In most situations, trust isn’t something you can give a numerical value to. When it comes to your credit score, though, that’s exactly what happens. Your score indicates the likelihood that you’ll repay a loan and make your payments on time. Credit reporting bureaus allocate points for factors like bill-paying history and outstanding debt. Those points are added up to become your credit score.
This score, in turn, is used to help lenders determine whether you’re worth taking a financial risk. The higher your number, the more trustworthy you are deemed to be. Lenders, utility companies, potential employers, and more will use this score to determine how or whether they do business with you. In this article, you’ll learn some of the many reasons why your credit score matters.
Having stellar credit is not an absolute requirement to get a credit card, but it certainly makes more options available. Cards with lower interest rates and lots of perks are usually restricted to those with high credit scores. You’ll also have a more challenging time qualifying for those 0% APR introductory offers or low-teens rates without a solid score.
These benefits can help you save significant amounts of money over time. To work toward owning a card that provides such perks, consider a credit builder card. Such cards are often easier to qualify for and can help you create good financial habits. In turn, these habits will help your credit and set you up for a better future.
As you move toward that better future, you may seek a new place to live. During that search, your credit score will be an important factor. Landlords often take a look at potential tenants’ scores when determining whom to rent to. A higher credit score can get you approved and may result in a lower security deposit. Because a good credit score demonstrates your ability to pay bills in full and on time, you’re seen as less of a risk. Rental companies and landlords don’t want to take a chance on someone who may not pay their rent each month.
Your credit score is a peek into your financial history and is used to determine how great a risk you are. For insurance companies, risk management is a vital part of their business. While a firm can’t deny you insurance because of a low credit score, that score can impact how much you pay for coverage. Auto insurance companies, in particular, take your credit score into account when setting rates. Research has shown that, statistically, those with lower credit scores tend to file more claims. Because of this, a lower score means you’ll likely pay a higher insurance rate. You’re a greater financial risk, and the company wants to balance that out.
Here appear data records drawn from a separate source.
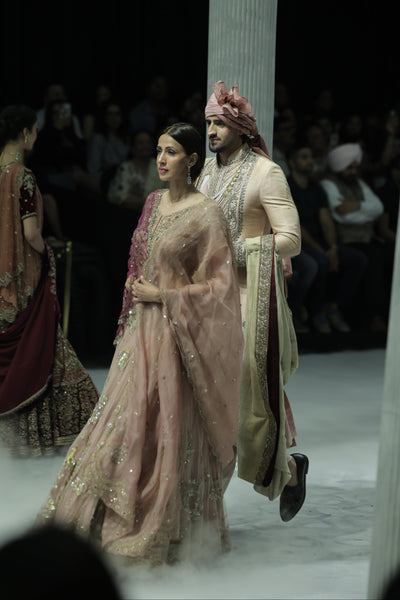 OLD ROSE NET AND ORGANZA EMBROIDERED LEHENGA SET PAIRED WITH A DELICATE FALSA EMBROIDERED DUPATTA. (4PCS)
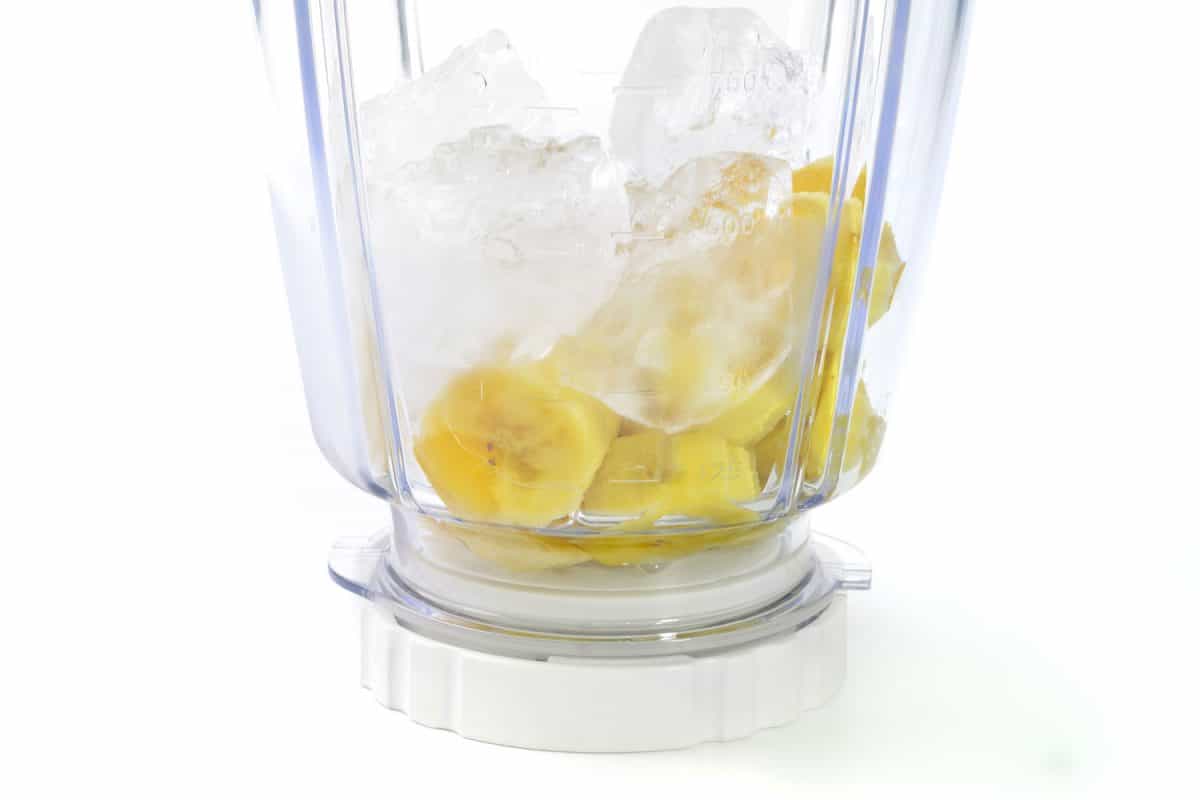 A blender with ice and banana on a white background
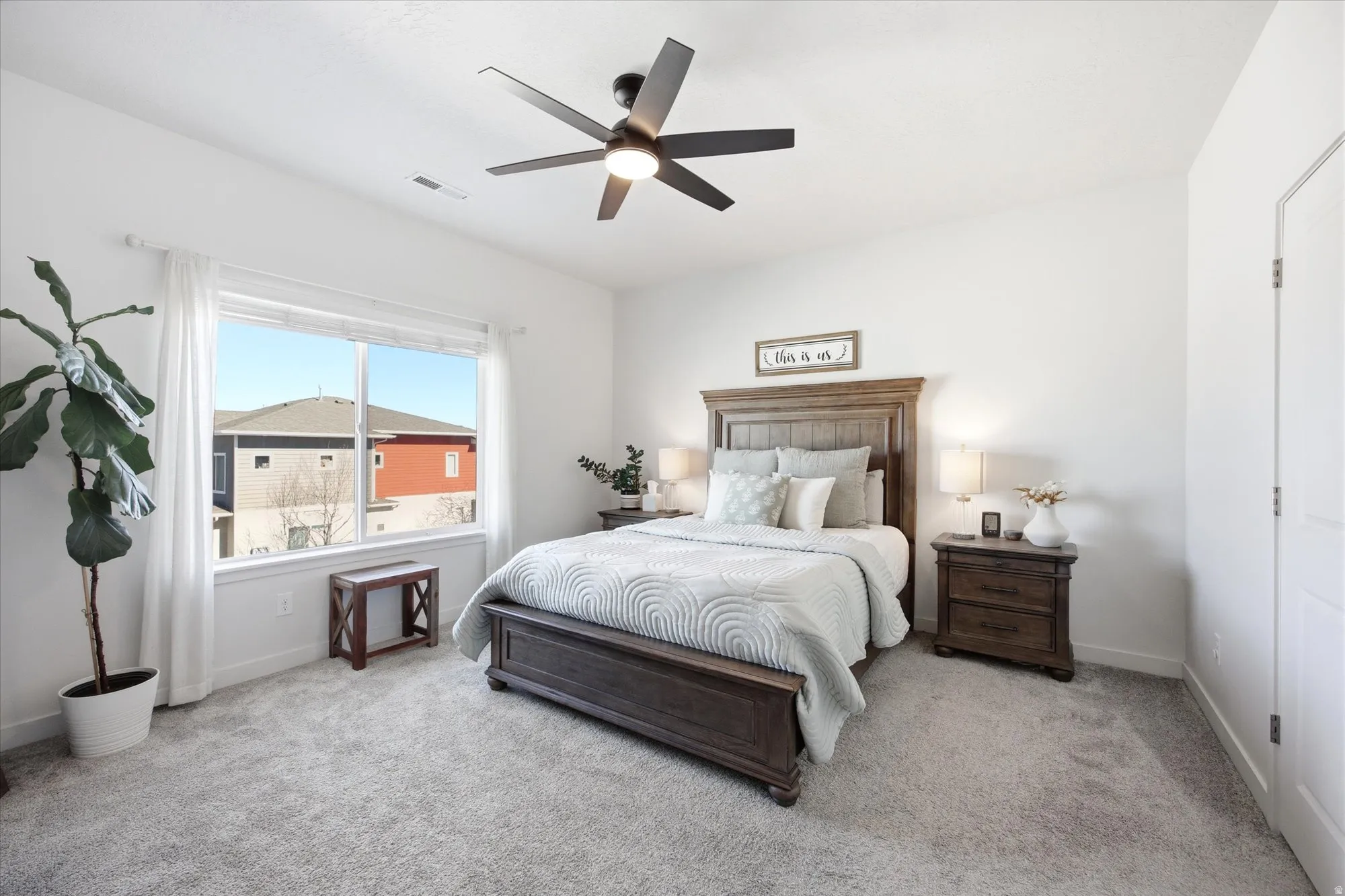 Carpeted bedroom featuring baseboards and a ceiling fan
Other companies that will seek to balance out a potential financial risk are utility companies. A lower credit score will mean you pay a higher deposit to turn the lights on in some cases. Conversely, if you have a higher score, you may not need to pay a security deposit at all. The good news is, you may be able to use your utility payments to increase your score over time. Demonstrating an on-time payment history is one of the best ways to improve your credit score. However, this isn’t something that happens automatically. You’ll need to sign up for a service that factors in your utility payments as part of your credit history.
Your credit score also impacts what cell phone plans are available to you and how much they cost. Providers may not offer you a contract if your score is too low. Or they may only offer one that requires you to pay a large deposit. Again, it all comes back to trust. Your credit score is an indication of how likely you are to pay your bills. Your low score may be sending the message that you won’t keep up on payments. Phone providers don’t want to risk not getting their money, so they’ll find ways (deposits, prepaid plans, etc.) to make up the difference.
This risk management strategy is also apparent in how credit scores impact interest rates on loans. Home and auto loans are notorious for this. A higher credit score means your interest rates for these loans will likely be lower. This will save you money over time. How much will it save you? Quite a bit, according to Informa Research Services. Having a FICO score over 760 could have you paying $65,000 less on a mortgage than someone with a score in the 620s. A higher score means savings on auto loans as well. Hanging on to thousands of dollars over the years will make a huge difference to your financial situation.
Your financial history also impacts your ability to land a job. While not all businesses do this, some will check your credit before hiring you. Positions that would allow you access to money or sensitive customer information are more likely to require a credit check.
While the check a potential employer performs will likely not include your score, they can still access your credit history. This will show them any open lines of credit, your history of employment, and other financial information. Though such checks may seem invasive, there is a purpose to them. The employer needs to know they can trust you before committing to hiring you.
Your credit score is a mark of your financial trustworthiness. Simply put, a high score means you can be trusted, while a low score signals you cannot. So do what you can to build your credit early. Set yourself up for success by making smart financial choices now. Your future self will thank you.